1

Tried to train UNet on GPU to create binary classified image. Got nan loss on each epoch. Testing of loss function always produces nan-return.

Test case:

import tensorflow as tf
import tensorflow.keras.losses as ls

true = [0.0, 1.0]
pred = [[0.1,0.9],[0.0,1.0]]

tt = tf.convert_to_tensor(true)
tp = tf.convert_to_tensor(pred)

l = ls.SparseCategoricalCrossentropy(from_logits = True)
ret = l(tt,tp)

print(ret) #tf.Tensor(nan, shape=(), dtype=float32)

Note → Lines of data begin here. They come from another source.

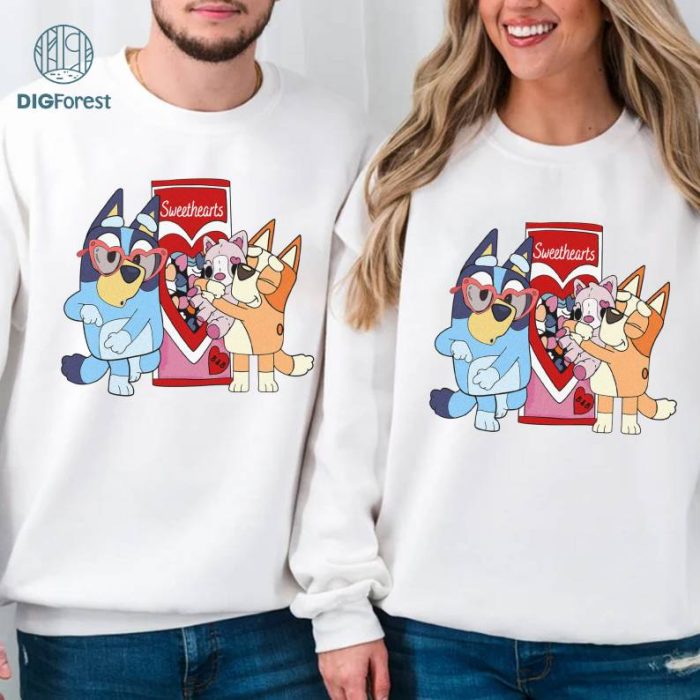 Bluey And Bingo Valentine Couple Png | Bluey Mum Dad Shirt | Bandit And Chilli Valentine Shirt | Bandit Heeler Shirt | Bandit Chili Bingo | Digital Download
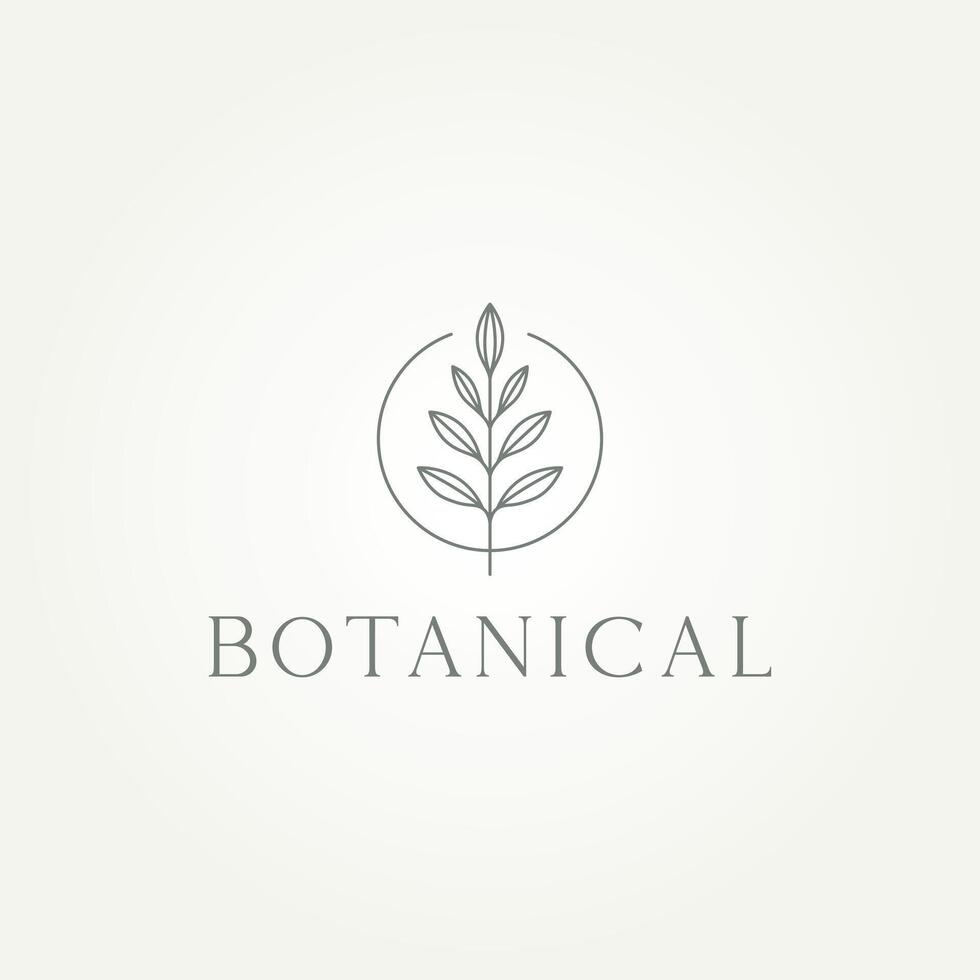 minimalista botanico le foglie linea arte icona logo modello vettore illustrazione design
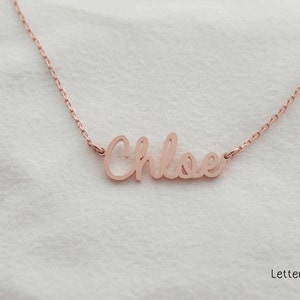 Personalized name necklace Friendship necklace Silver custom couple initial jewelry Rosegold Monogram necklace for her family gift for women image 3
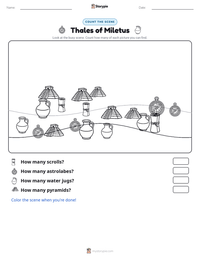 Thales of Miletus printable worksheet preview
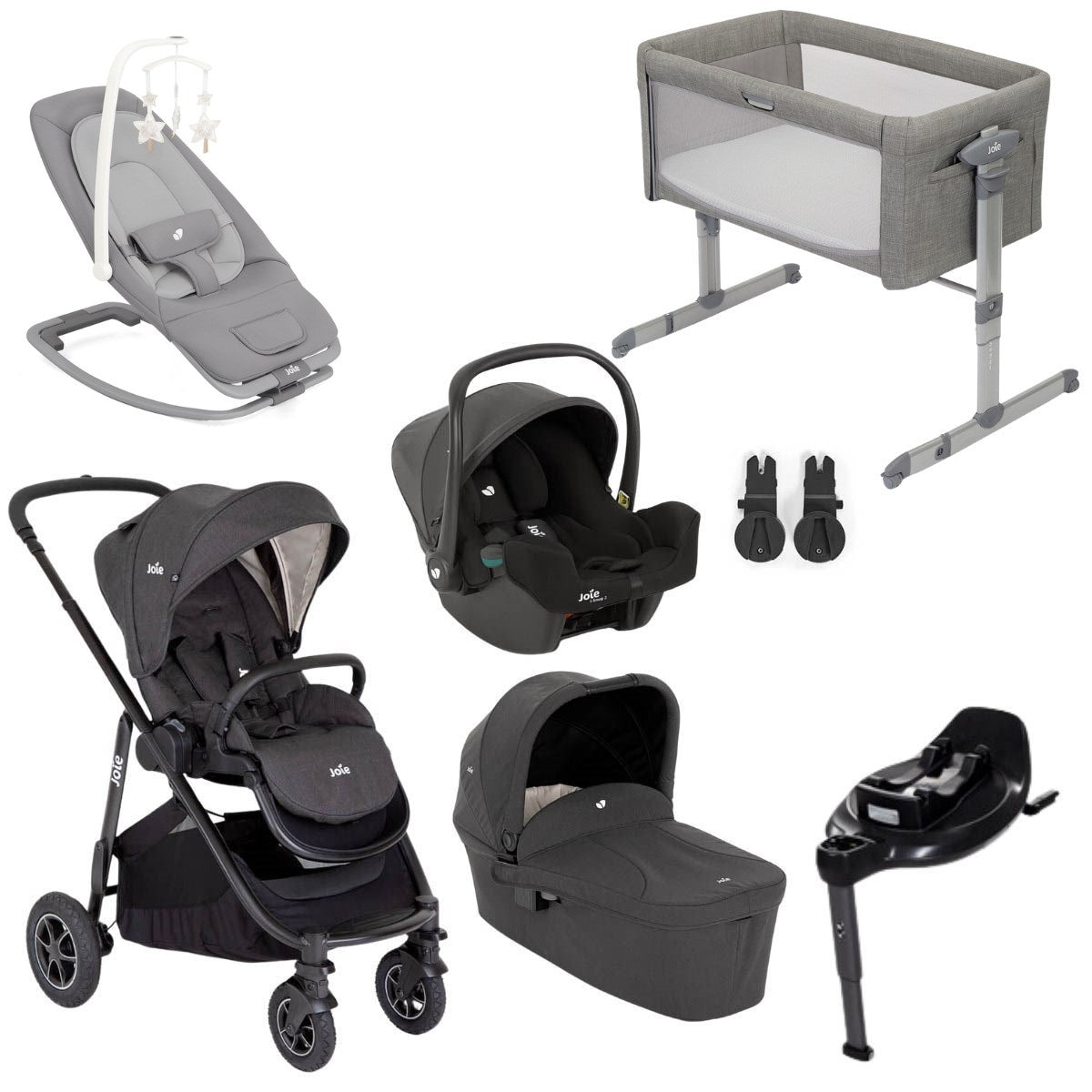 Versatrax Complete Joie Premium Travel System & Starter Nursery Bundle, Shale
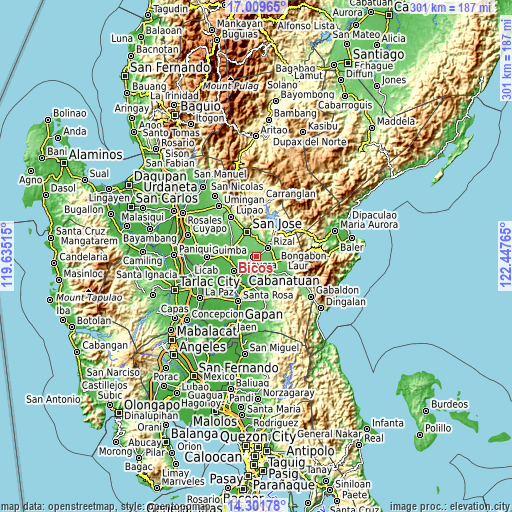 Topographic map of Bicos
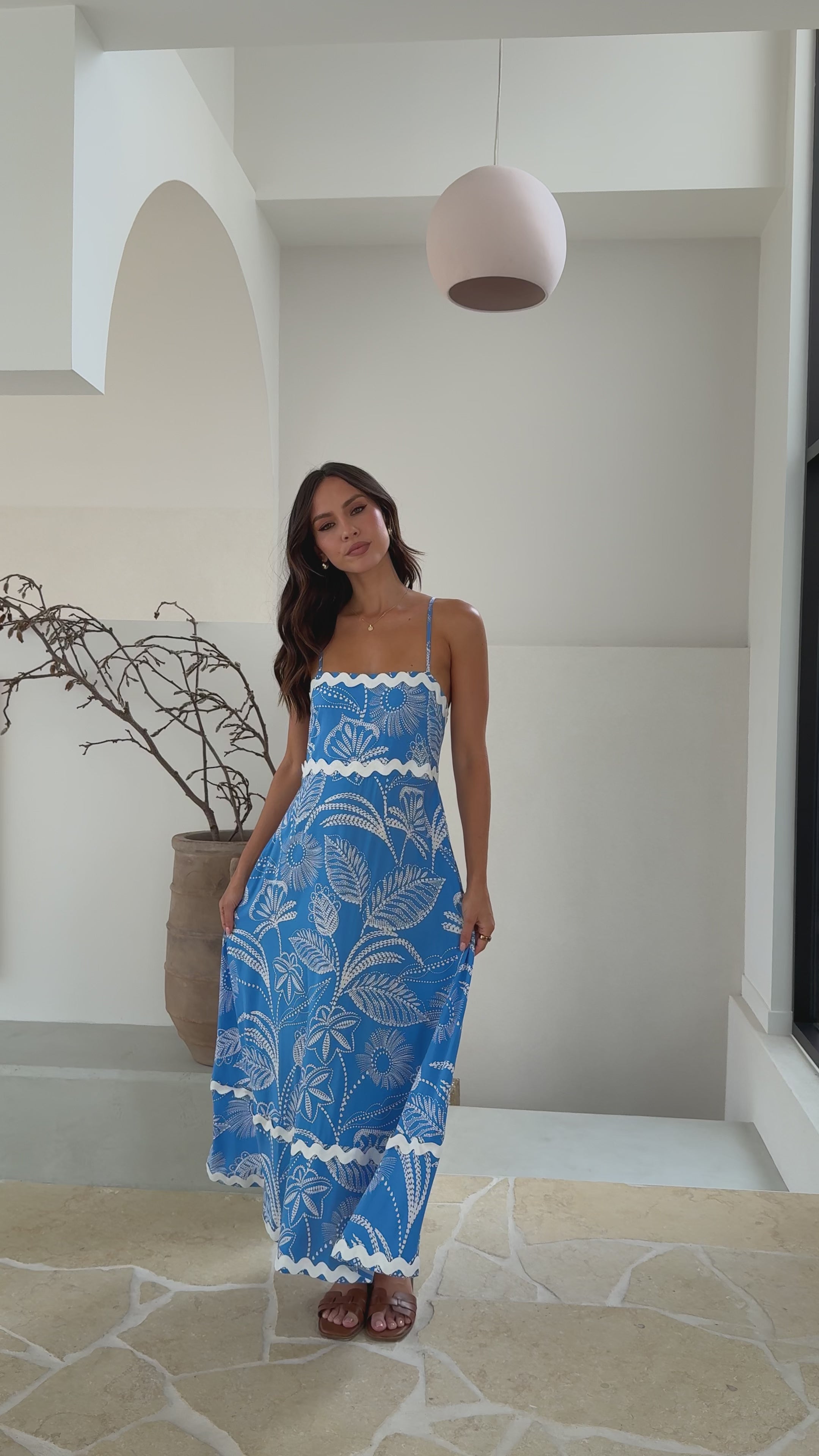 Aloha Maxi Dress - Blue Leaf - Billy J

If i would force my tf to work with CPU (Can Keras with Tensorflow backend be forced to use CPU or GPU at will?), all works fine. And yes, my UNet fits and predicts correctly on CPU.

I checked several posts on keras GitHub, but the all point to problems with compiled ANN, such as using inappropriate optimizers for categorical crossentropy.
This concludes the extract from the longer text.